Deeper Connections Through Spanish and Social Studies

Deeper Connections Through Spanish and Social Studies

As evidenced by the colorfully adorned tables and lively music, the Lower School Art room was ready for a party. However, this wasn’t just any party – it was Class 3’s cross-curricular celebration of culture and identity!

The gathering recognized the culmination of an immersive unit in “Triple S,” a once-a-cycle extension of the Spanish and Social Studies curriculum that gives students the opportunity to explore various topics en español, resulting new perspectives and deeper connections.

To kick off the earlier lessons, the students had brainstormed elements that comprise “our identities” (nuestras identidades) with help from Spanish teacher Isamar Rosado-Aponte. After a productive exchange, they created this robust list: family structure (estructura familiar); personality (personalidad); physical appearance (apariencia física); culture/ethnicity (cultura/etnicidad); religion (religión); race (raza); language (lenguaje); gender (género); and abilities (salud y habilidades); hobbies/passions/friends (pasatiempos/pasiones/amistades); education/learning style (estilos de aprendizaje/educación) and values and beliefs (valores y creencias).

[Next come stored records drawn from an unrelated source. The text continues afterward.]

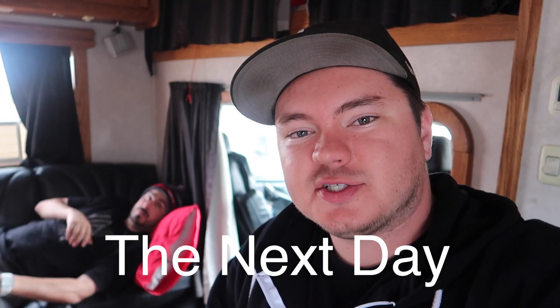The weather is actually kind of rainy right now, so we're just hanging out in the motorhome, waiting for the weather to clear up a little bit.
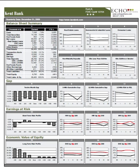ECHO Partners Bank Ratings Report overview. Our bank rating system focuses on capital, asset quality, interest rate risk, profitability, and liquidity. The ECHO Partners Bank Ratings Report provides all the information needed to evaluate every one of these major areas of bank safety.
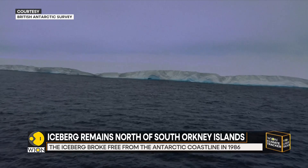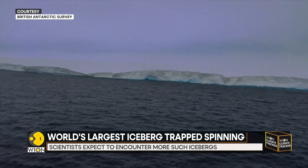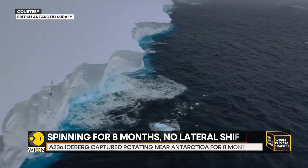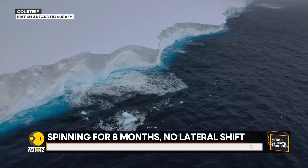For months, the A23A iceberg has been captured on top of a rotating cylinder of water in Antarctica. The phenomenon is called a Taylor Column. These radar images that you see on your screen — this is the biggest iceberg in the world spinning round and round.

Guided by a color-coded chart they created (for instance, yellow = family structure; green = physical appearance, etc.), the students next considered the question, What are the most important aspects of my identity and why? (¿Cuáles son los elementos más importante de mi identidad? ¿Por qué?). They wrote reflections in their Social Studies journals then designed a puzzle (rompecabeza) to visually represent the interlocking components. Working in pairs, they gave and received feedback on their puzzle drafts, adding more colors, for example, and making other adjustments.

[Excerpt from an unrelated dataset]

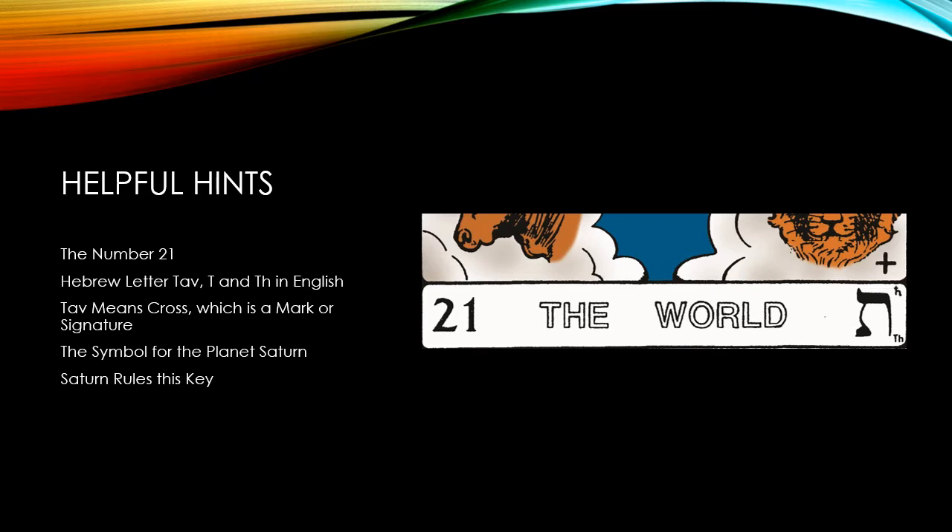As I've mentioned before, each key is a chapter in a book. Your inner self knows this book inside and out. There's really nothing for you to learn or memorize. You've just forgotten who you are, and this tarot book is here simply to remind you, giving you hints and insights.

In the next Triple S class, the students used watercolors to bring their rompecabezas to life. Maestra Rosado and the Class 3 homeroom teachers led in-depth discussions about what has shaped each student in distinct ways. The puzzles were photocopied for the concluding round of lessons, which took place in Art.

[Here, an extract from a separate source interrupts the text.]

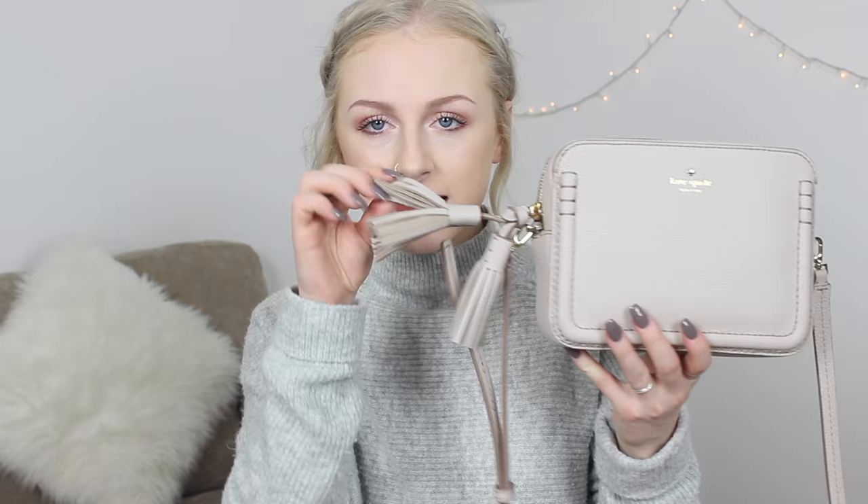I absolutely love it. I just think it's the most gorgeous colour — it's perfect for autumn and winter. It's a really decent size and the strap is adjustable, which is great because I'm so short and over-the-shoulder bags are usually way too long for me. The shortest setting is the perfect length. It's got these really pretty tassels on the side, the inside is black and white striped — which I think is a Kate Spade tradition — and there's a little logo on the front and a pocket where I keep my phone.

Informed by the topic, “How is my culture and identity expressed through food and eating?,” the students made “meal sculptures” to pay homage to cuisines that were integral to their heritage. Lower School Art teacher Lauren McCarty had demonstrated the best methods for working with low-fire clay, supporting and encouraging the young artists during the several weeks it took to finish their impressive pieces, which were painted, fired in the kiln and finished with a coat of shiny glaze.

“They worked really hard on this project,” noted Ms. McCarty as a section of Class 3 (Head Teacher Janeen Washington and Associate Teacher Hannah Weiss’s homeroom) settled into the Art room, their ceramic masterpieces on proud display. In addition to depicting foods that resonated with them like sushi, spaghetti, bacon and eggs, broccoli and many more, the students also used their imaginations to make functional (and eye-catching!) plates and mugs. The inventive dishes sat atop their laminated puzzle placemats. (The other sections had their parties at different times).

To fortify their Spanish vocabulary, Maestra Rosado placed a selection of conversation starters in the center of each table. In between bites of pizza, the students took turns communicating en español with phrases like: ¿Qué hay en tu plato? (What’s on your plate?), ¡Buen provecho! (Enjoy!) and Me gusta tu arte porque… (I like your art because…).

As their teachers circulated, the students chatted confidently with one another, in both Spanish and English, and seemed to genuinely enjoy this thoughtfully planned, identity-centered party, which also included red-velvet cookies for dessert. Before the celebration wrapped up, there was one last task in store.

After ringing a bell, Ms. McCarty directed the students’ attention to a blank puzzle in the center of the room. “There are 20 pieces, one for each of you,” she told them. While their puzzle placemats honored their individual identities, she explained, this “class puzzle” was intended to encapsulate the identity of the entire section.

“Think about some part of who you are that you’d like to bring to your homeroom community,” she said. “What’s special about you?”

Each student took a puzzle piece and settled into quiet concentration, pencils and markers at the ready. Although they would need more time to complete the assignment, they were clearly eager to contribute to this collaborative and affirming project. This closing activity and the overarching Triple S learning experience certainly gave these Class 3 scholars much food for thought.